For most MPS families, and many of those in other rare diseases as well, birthdays are very bittersweet events. What is meant to be a celebration is simply a reminder that we grow closer to the end. An event that highlights the responses we no longer get from cake, candles, or presents.
The laughter recedes. The excitement disappears. The understanding evaporates.
While miraculously, that is not our current reality, I cannot escape it. I will never get over it. I refuse to move past it.
That IS the reality of most families facing Hunter Syndrome…. Rett Syndrome…. Batten Disease…. Niemann-Pick Type C….
I will never let their suffering exist as a footnote to our miracle.
In fact, their suffering is indeed evidence of the miracle, for therein lies the otherwise certain future for my son and many others.

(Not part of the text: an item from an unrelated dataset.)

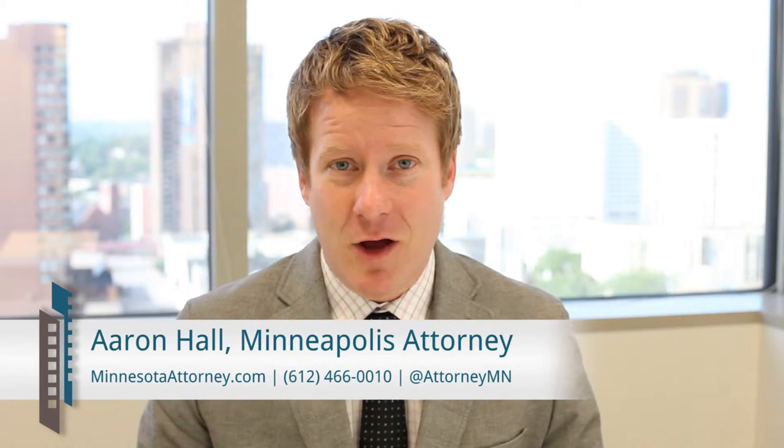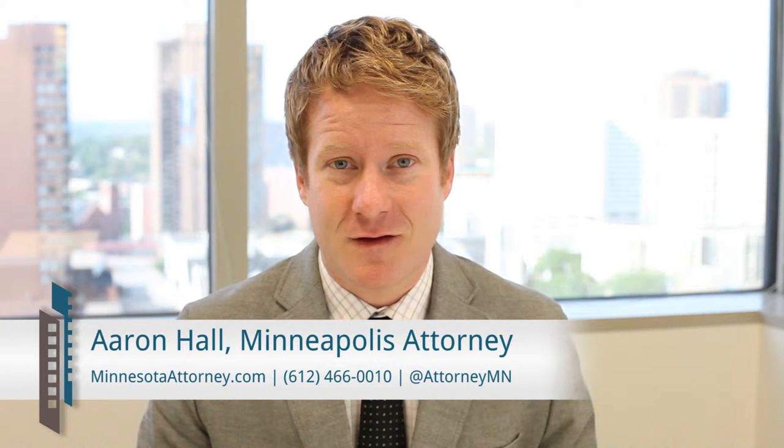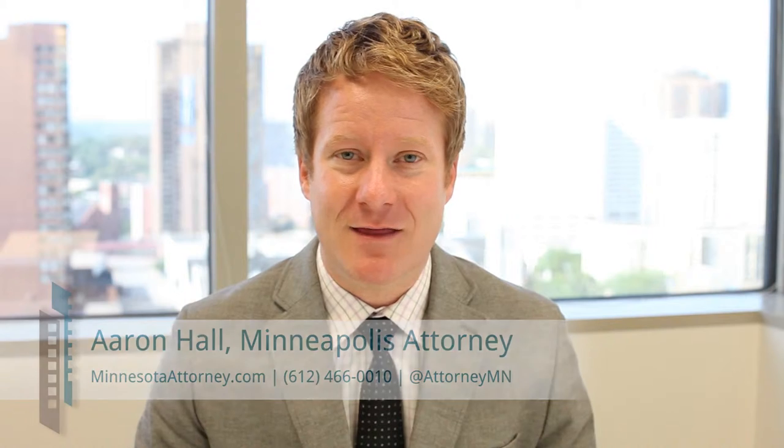Clients often ask me whether an LLC can be taxed as an S Corp. The answer is yes. All you have to do is fill out IRS tax form 8832.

That is no more evident than this year.
Today is Case’s 8th birthday. We are celebrating.
Last night he asked, “Who wants to marry me?”
He thinks of the future with excited anticipation, and for the most part, so do we.
But only a few states away, on this very same day, a friend and fellow MPS mom sits with dreaded anticipation that today will be the day she loses her son. His body is failing. His lungs are filling with fluid. It is a matter of time. Hours maybe.
He is 11.
So while I celebrate today for Case, I grieve at the same time. This life isn’t fair.
We will miss a child who gave his mother the same laughter, song, and mischief that Case gives us.
Logan, you are loved.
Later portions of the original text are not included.